Task description: Only the lines from the line containing "Шкода Октавия 2018" to the end of the material belong in the copy; set them down exactly, without pictures.

Material to process:
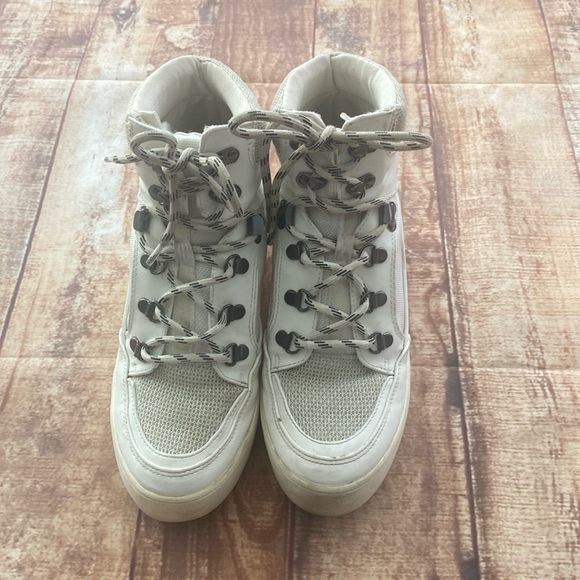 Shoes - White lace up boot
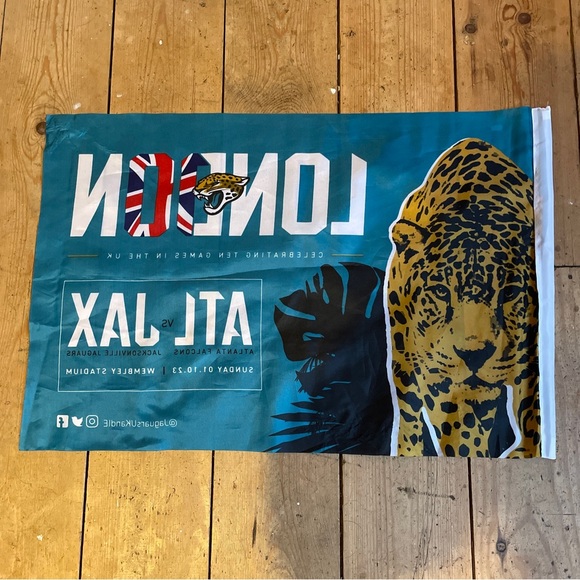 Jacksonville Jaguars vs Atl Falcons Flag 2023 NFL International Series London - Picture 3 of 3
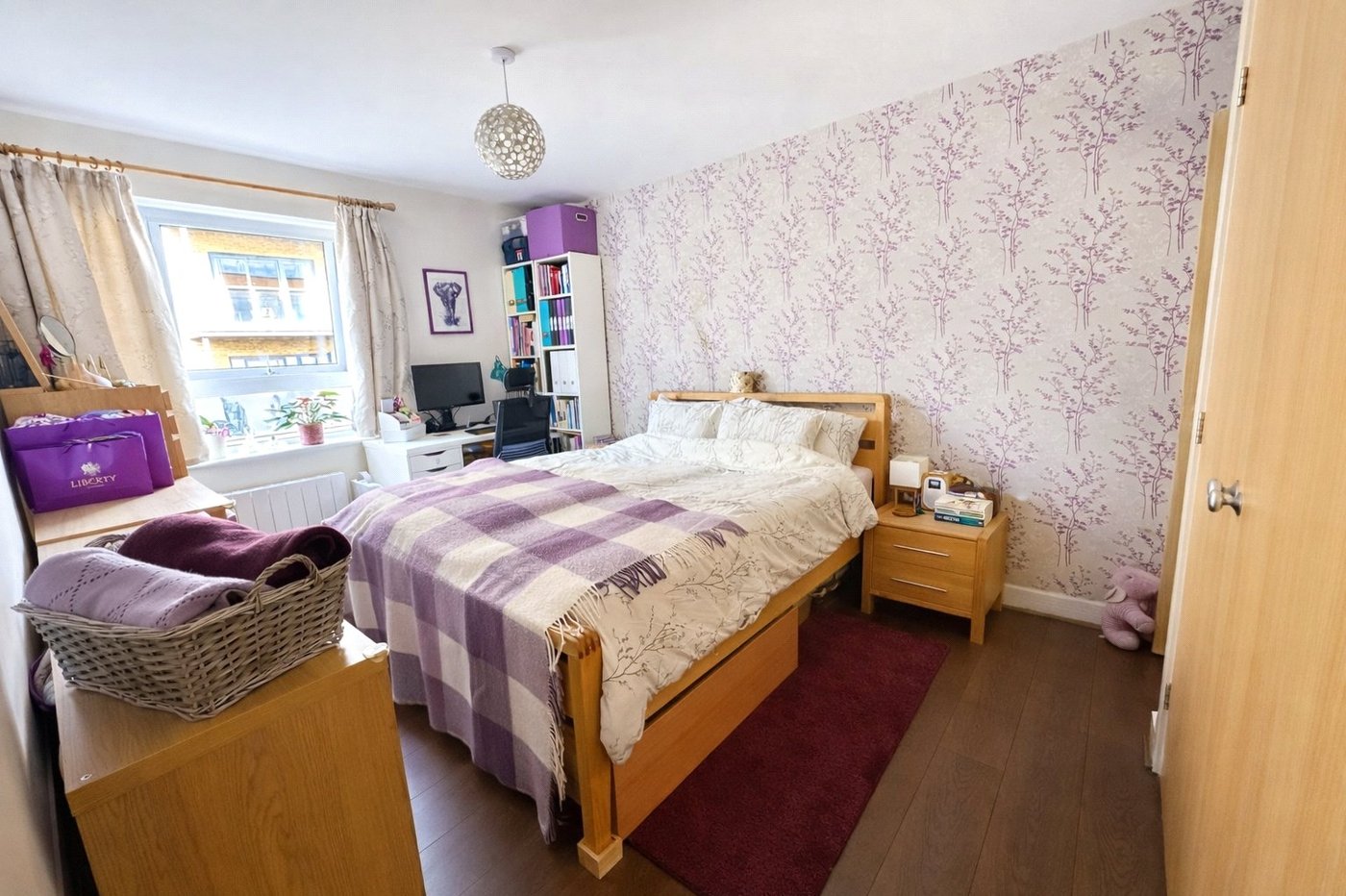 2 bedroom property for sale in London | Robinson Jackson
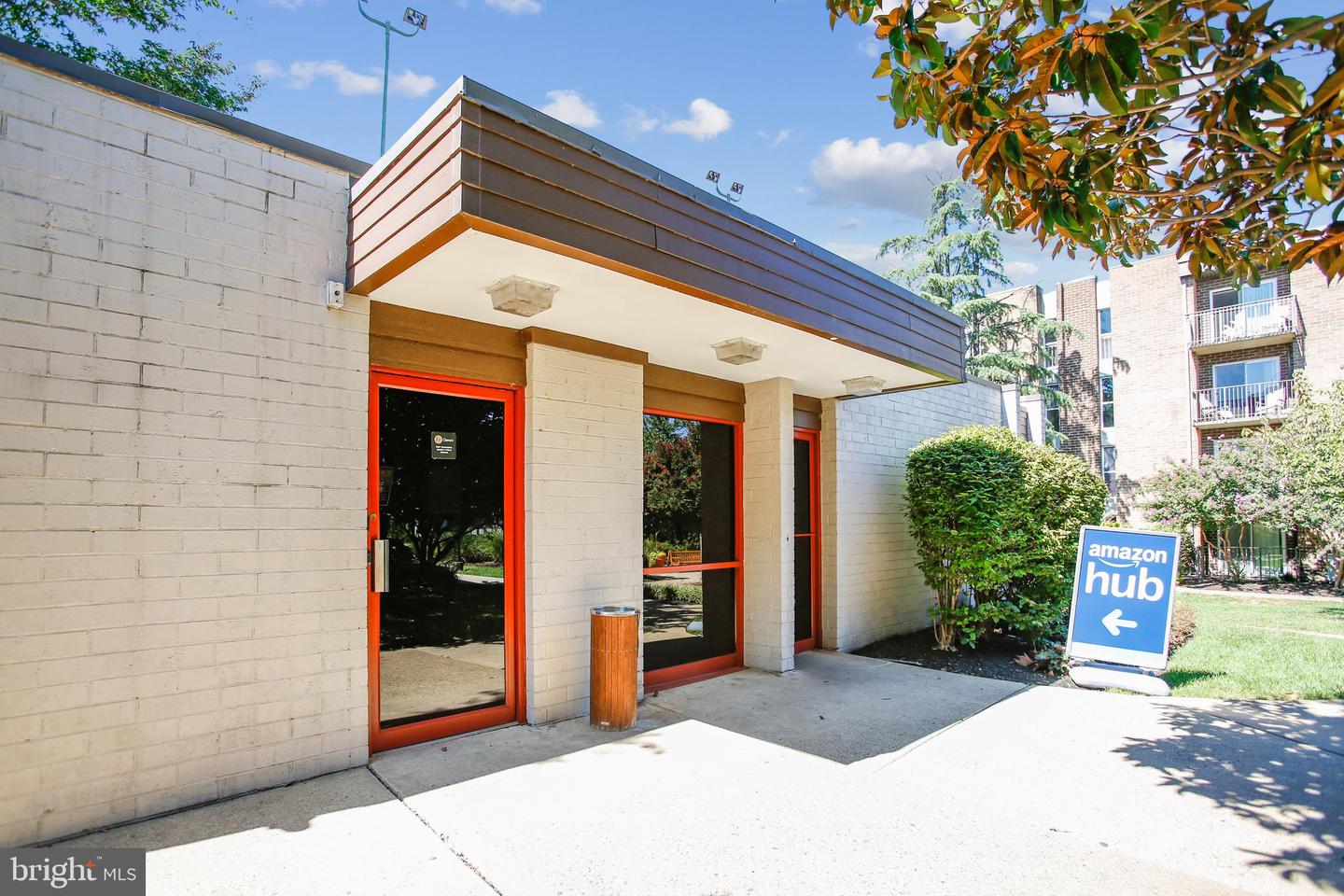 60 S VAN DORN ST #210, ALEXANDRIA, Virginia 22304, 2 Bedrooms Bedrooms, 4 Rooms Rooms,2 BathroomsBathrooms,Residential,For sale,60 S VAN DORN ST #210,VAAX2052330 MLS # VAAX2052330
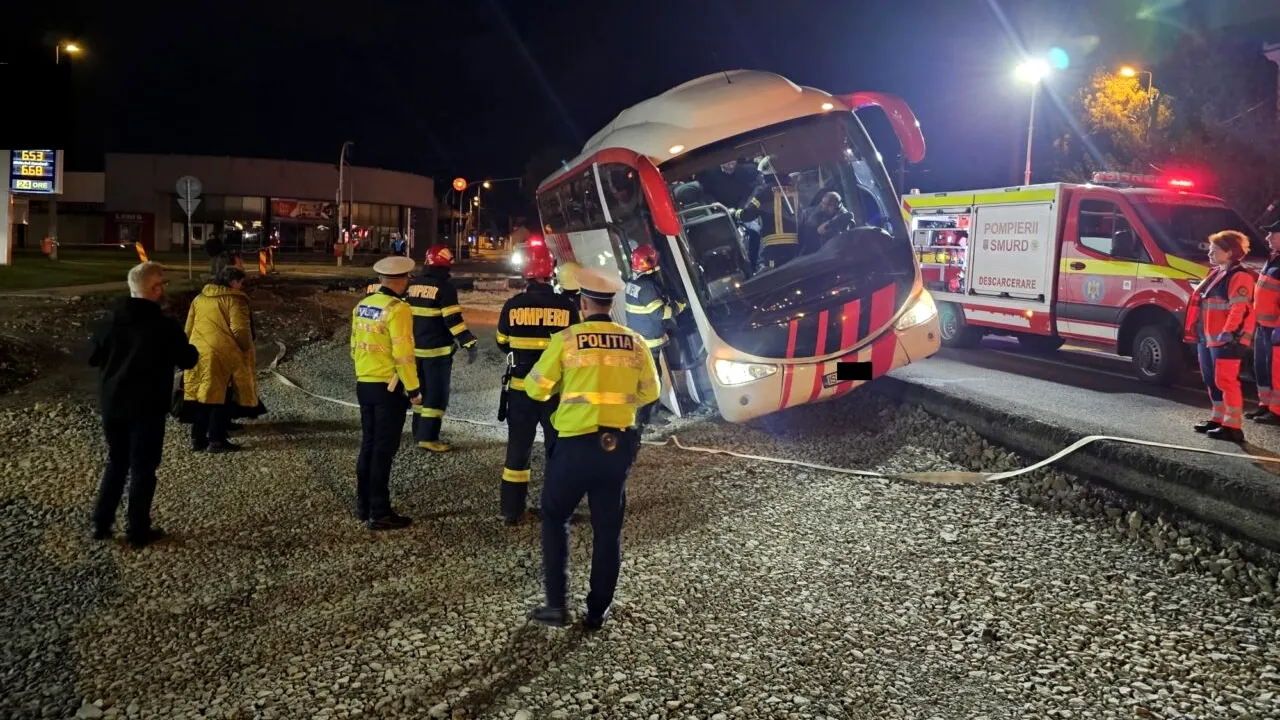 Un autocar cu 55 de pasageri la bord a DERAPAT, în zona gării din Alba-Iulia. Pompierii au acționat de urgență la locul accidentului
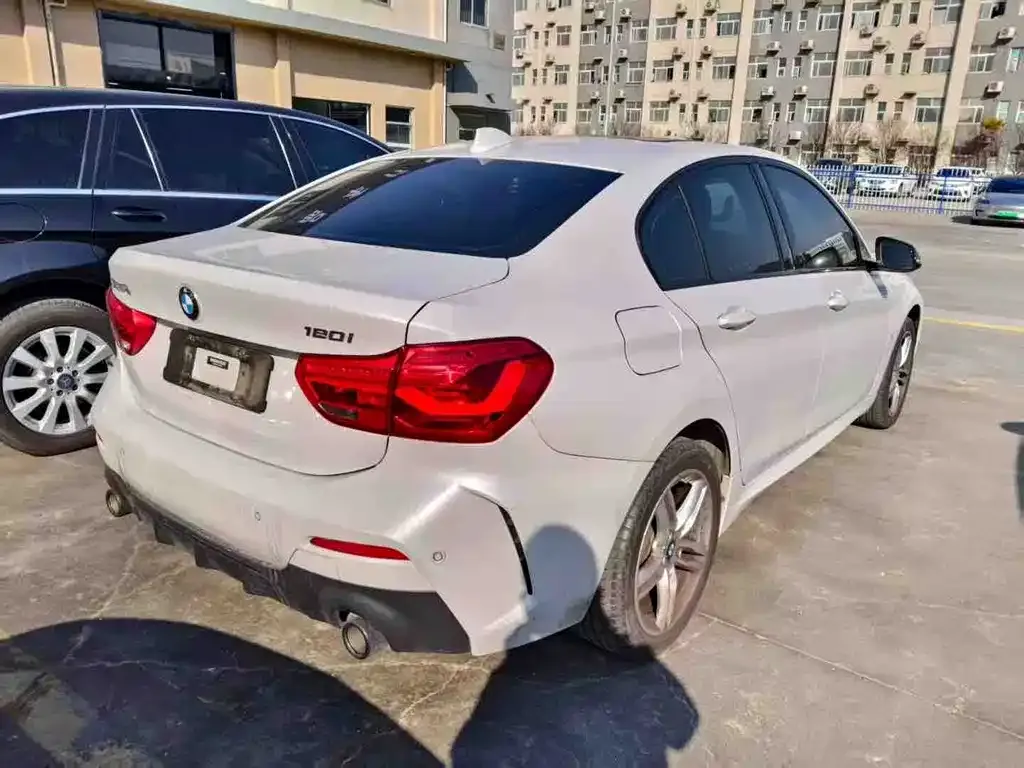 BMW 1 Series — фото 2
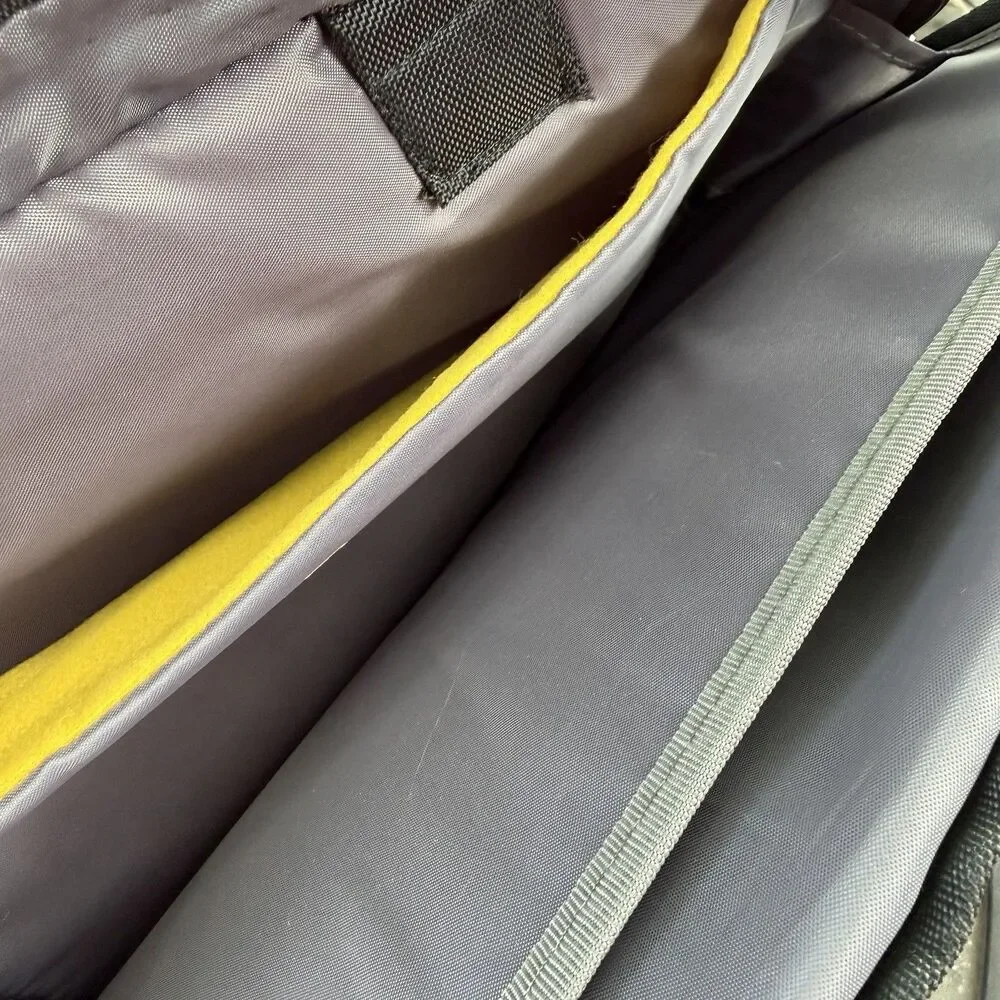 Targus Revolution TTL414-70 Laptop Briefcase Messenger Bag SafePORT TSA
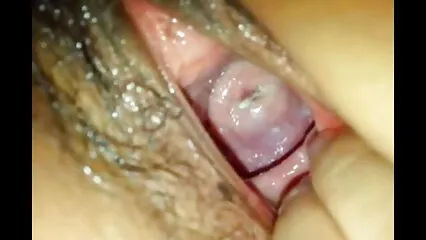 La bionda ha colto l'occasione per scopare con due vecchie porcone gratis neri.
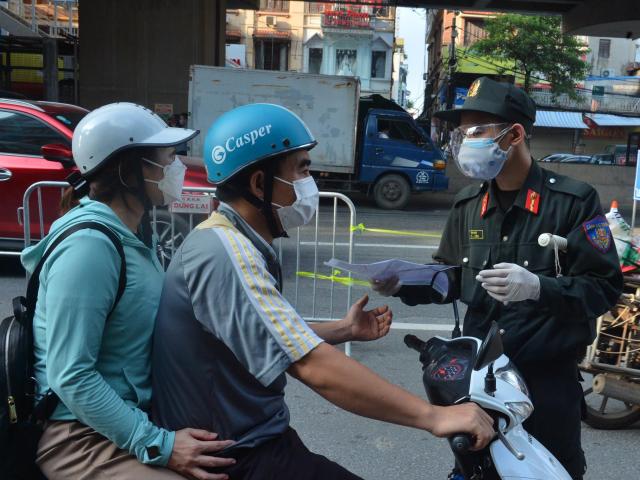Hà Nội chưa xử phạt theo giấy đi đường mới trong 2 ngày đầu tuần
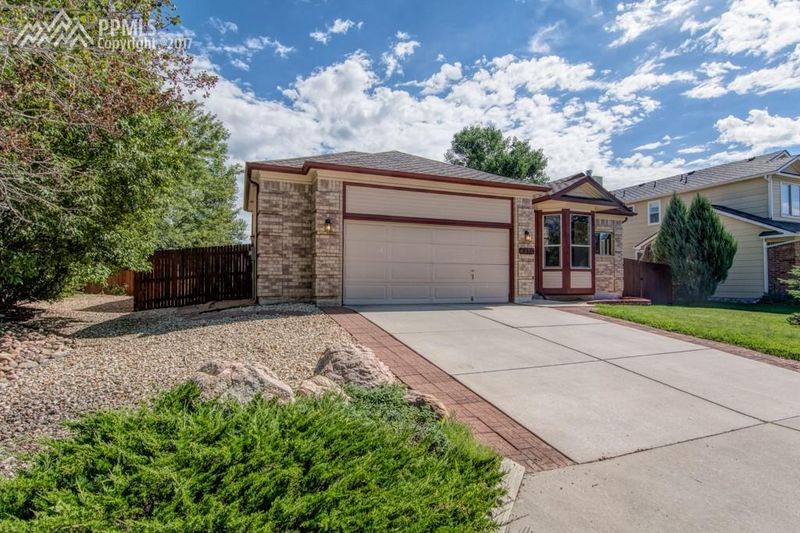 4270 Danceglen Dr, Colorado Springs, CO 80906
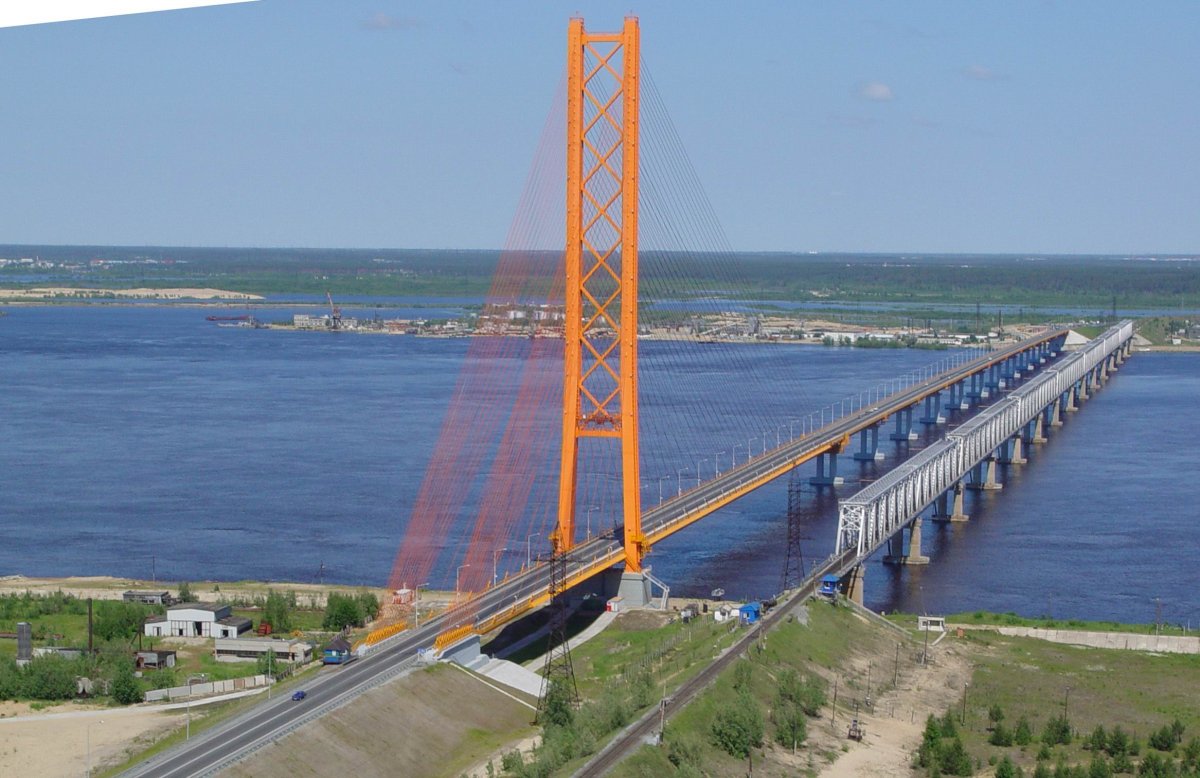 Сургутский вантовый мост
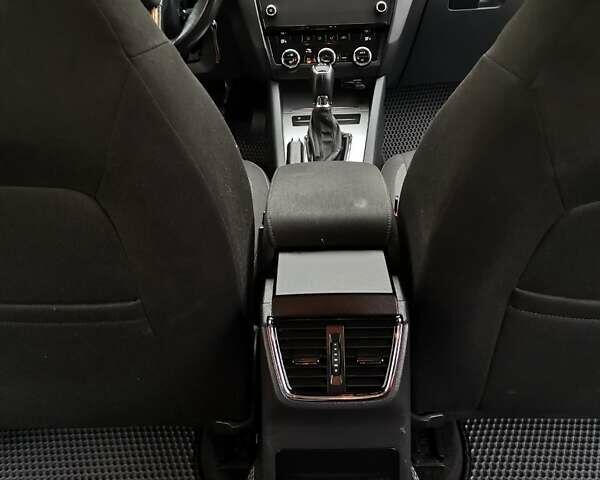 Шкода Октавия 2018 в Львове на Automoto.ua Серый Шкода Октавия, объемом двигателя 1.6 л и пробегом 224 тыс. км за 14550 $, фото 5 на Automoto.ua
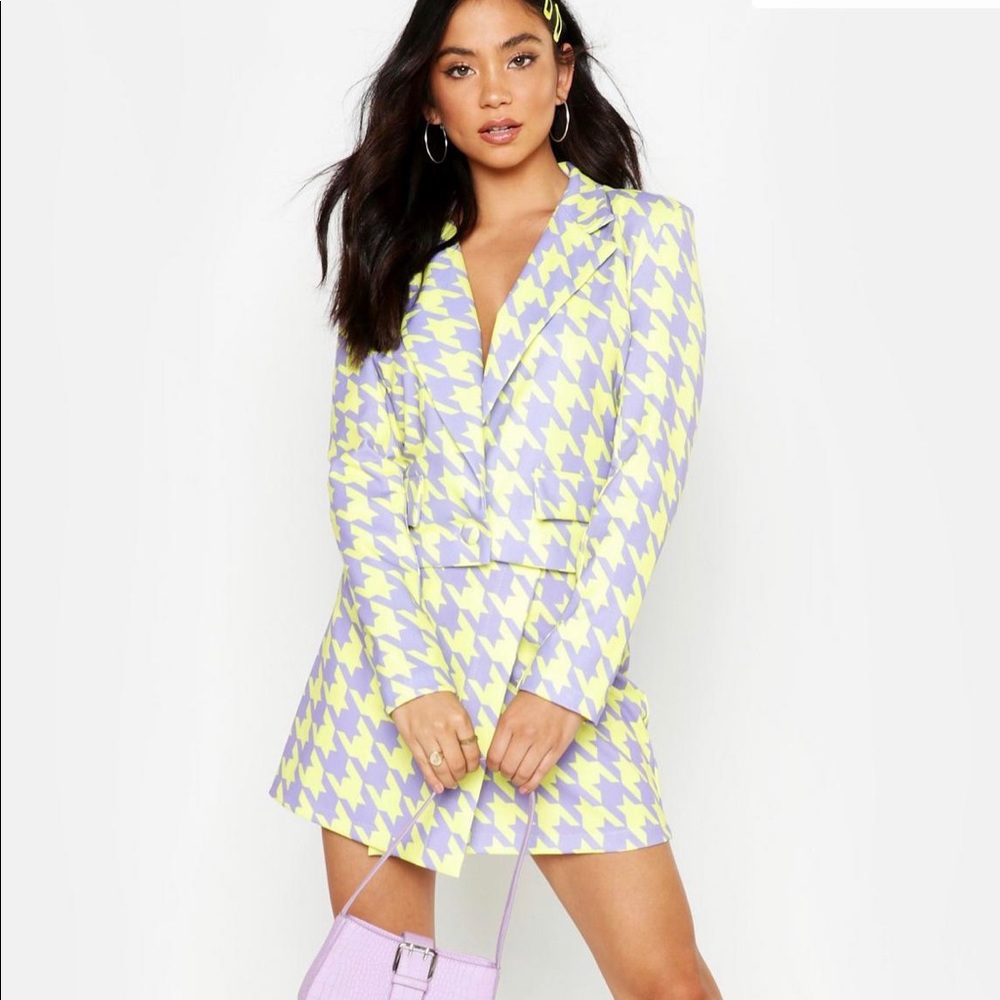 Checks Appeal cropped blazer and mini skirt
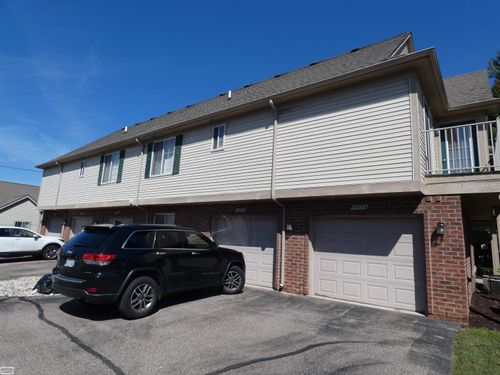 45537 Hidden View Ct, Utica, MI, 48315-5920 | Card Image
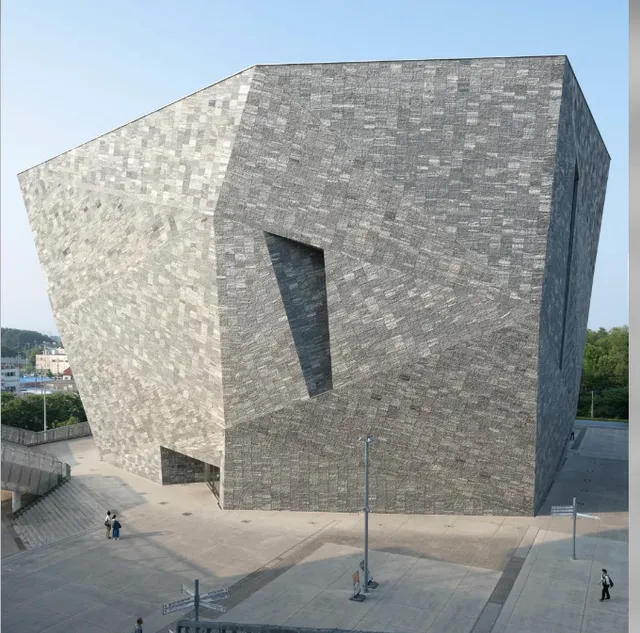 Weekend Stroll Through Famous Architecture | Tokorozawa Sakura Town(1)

Response for this exercise:
 Шкода Октавия 2018 в Львове на Automoto.ua Серый Шкода Октавия, объемом двигателя 1.6 л и пробегом 224 тыс. км за 14550 $, фото 5 на Automoto.ua
 Checks Appeal cropped blazer and mini skirt
 45537 Hidden View Ct, Utica, MI, 48315-5920 | Card Image
 Weekend Stroll Through Famous Architecture | Tokorozawa Sakura Town(1)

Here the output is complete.